Kommentar zur Organspende Sternstunde des Bundestags

Meinung | Berlin · Bei der Organspende ist der Bundestag nach einer langen klugen Debatte zu einer ausgewogenen Entscheidung gekommen. Warum kann Politik eigentlich nicht immer so sein? Ein Kommentar.

 Ein Organspendeausweis.

Ein Organspendeausweis.

Foto: dpa-tmn/Andrea Warnecke

Die Lösung ist richtig, wonach ein Mensch oder dessen Angehörige weiterhin zugestimmt haben müssen, bevor die Organe eines Verstorbenen entnommen werden können. Zugleich enthält der Gesetzentwurf mit einer verbindlichen Ansprache der Bürger und einem Spende-Register zahlreiche Neuerungen, durch die die Zahl der Organspenden in Deutschland steigen kann.

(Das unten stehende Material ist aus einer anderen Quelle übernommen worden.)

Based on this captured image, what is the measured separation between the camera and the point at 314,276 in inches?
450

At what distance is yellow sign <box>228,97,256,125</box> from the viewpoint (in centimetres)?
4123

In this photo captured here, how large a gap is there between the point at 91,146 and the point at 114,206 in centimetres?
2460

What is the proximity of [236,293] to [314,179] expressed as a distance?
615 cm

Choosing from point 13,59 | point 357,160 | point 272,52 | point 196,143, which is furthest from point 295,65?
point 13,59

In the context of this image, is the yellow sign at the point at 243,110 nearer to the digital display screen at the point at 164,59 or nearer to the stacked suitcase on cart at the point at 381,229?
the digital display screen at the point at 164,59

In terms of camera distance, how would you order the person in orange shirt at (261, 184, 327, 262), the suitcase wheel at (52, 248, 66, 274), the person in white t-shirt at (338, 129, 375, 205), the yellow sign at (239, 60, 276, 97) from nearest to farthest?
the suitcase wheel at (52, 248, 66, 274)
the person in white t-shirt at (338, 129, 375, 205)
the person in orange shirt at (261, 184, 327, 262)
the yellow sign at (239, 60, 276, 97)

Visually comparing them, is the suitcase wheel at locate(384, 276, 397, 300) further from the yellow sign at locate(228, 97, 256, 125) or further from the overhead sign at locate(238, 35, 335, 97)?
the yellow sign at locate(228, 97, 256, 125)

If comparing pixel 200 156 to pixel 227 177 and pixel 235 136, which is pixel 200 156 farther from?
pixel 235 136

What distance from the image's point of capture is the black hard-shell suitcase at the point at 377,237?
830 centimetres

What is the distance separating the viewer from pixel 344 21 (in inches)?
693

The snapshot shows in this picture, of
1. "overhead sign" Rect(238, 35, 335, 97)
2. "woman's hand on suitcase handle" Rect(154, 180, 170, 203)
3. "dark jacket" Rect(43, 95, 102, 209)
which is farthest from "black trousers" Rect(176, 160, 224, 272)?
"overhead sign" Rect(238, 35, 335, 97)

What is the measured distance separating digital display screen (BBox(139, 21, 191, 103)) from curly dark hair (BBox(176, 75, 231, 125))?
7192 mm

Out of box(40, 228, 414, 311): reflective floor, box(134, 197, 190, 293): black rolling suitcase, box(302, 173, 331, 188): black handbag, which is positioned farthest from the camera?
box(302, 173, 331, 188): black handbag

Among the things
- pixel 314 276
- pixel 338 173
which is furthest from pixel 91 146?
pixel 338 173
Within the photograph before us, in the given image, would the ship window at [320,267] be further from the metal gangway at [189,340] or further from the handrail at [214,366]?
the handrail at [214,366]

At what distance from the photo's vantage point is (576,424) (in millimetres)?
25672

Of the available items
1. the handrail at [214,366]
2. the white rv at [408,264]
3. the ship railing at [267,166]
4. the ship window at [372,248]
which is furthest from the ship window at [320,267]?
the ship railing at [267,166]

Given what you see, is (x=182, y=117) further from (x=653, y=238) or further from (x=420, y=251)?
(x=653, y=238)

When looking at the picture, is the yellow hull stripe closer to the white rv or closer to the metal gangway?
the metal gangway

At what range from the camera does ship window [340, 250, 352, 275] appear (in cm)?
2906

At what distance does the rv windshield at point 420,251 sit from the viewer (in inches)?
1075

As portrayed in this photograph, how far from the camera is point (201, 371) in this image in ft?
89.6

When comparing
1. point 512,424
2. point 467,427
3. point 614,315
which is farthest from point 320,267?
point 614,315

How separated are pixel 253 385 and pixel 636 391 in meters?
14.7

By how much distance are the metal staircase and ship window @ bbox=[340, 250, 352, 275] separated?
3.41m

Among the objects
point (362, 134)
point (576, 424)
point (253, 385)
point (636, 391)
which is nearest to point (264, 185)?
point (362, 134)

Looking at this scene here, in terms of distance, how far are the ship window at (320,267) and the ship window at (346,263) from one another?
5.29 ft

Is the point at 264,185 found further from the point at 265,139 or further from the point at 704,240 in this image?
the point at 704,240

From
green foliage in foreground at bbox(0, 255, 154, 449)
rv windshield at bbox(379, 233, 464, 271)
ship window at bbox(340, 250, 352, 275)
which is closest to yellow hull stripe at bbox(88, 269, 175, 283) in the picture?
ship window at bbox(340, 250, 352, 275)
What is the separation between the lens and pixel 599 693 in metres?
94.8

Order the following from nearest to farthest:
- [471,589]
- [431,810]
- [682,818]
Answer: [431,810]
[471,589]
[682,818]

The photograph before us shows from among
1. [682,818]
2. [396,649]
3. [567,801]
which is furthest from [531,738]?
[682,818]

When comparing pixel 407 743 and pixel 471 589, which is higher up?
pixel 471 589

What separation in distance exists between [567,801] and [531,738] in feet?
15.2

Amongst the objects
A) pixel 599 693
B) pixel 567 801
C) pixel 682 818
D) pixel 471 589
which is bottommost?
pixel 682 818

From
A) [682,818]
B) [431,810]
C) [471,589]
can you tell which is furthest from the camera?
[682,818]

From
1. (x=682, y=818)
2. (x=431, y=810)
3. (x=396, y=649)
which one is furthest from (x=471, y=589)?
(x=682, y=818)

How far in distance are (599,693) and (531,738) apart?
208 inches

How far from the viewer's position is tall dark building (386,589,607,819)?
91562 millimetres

Es steht außer Frage, dass die Zahl der Organspenden in Deutschland viel zu niedrig ist. So war das Ziel der konkurrierenden Gesetzentwürfe, die am Donnerstag zur Abstimmung standen auch das gleiche: Alle wollen mehr Spenden erreichen. Umstritten war nur der Weg dorthin.

Auch ohne jeden Bürger, der nicht widerspricht, automatisch zum Organspender zu erklären, stehen die Chancen gut, dass ab dem Jahr 2020 in Deutschland die Zahl der Organspenden deutlich nach oben gehen. Bereits im vergangenen April ist ein Gesetz in Kraft getreten, das die Organisation der Organentnahme in den Kliniken professionalisiert. Entscheidende Teile dieses Gesetzes werden aber erst in diesem Jahr wirksam. Die Organisation in den Kliniken sowie die Finanzierung von Entnahme und Transport waren bisher die entscheidende Schwachstelle.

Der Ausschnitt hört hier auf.